La enseñanza pública está hecha unos zorros, la sanidad va camino de estarlo y los representantes pertenecientes a un partido que ha sustentado tramas de corrupción desaforadas se permiten el lujo de celebrar lo hermosa que es la vida sin encontrar en sus rivales alternativa sólida alguna.

Pasan de la contumelia indiscriminada al compadreo tabernario al calor del buen yantar, regado todo con exquisitos caldos. Secesionistas, jacobinos, progres, conservadores… todos los esos que enarbolan proclamas de uno u otro tenor y se dan golpes de pecho encuentran en momentos como la cena de la prensa “fuenteovejunescos” motivos de fraternal compadreo y complicidad. Como cuando unos y otros salían disparados por los vomitorios del Hemiciclo con sus maletas con ruedas prestos a vacacionar con inaudita ansia.
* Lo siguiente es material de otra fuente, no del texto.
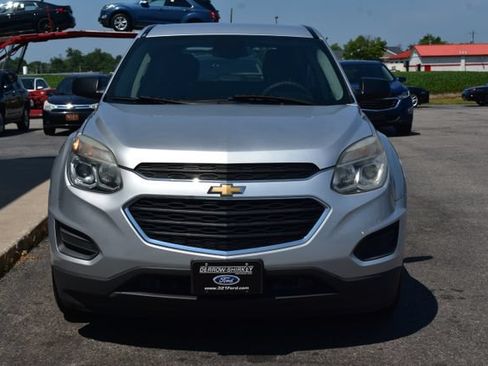 Used 2017 Chevrolet Equinox LS FWD image 11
Tenemos un sistema en el que se otorga gran responsabilidad a gentes del todo irresponsables.

Solicitaba yo en otro artículo un imperio de la honestidad por encima del talento. Si se está dotado con una capacidad suficiente como para aunar las dos cualidades, mejor que mejor, pero no parece esa la característica de la mayor parte de nuestros políticos, los cuales tratan de hacer gala de un talento que les es ajeno, renegando de una necesaria honestidad que sería el verdadero valor exigible y del que verdaderamente podrían sentirse orgullosos de portar.

El político medio suele hacer uso de ciertas malas artes con las que trata de suplir un inexistente talento, arrinconando a la honestidad y haciendo uso de un sucedáneo de esta, una marca blanca, quizá adquirida en Primark, o plagiada de alguna tesis universitaria.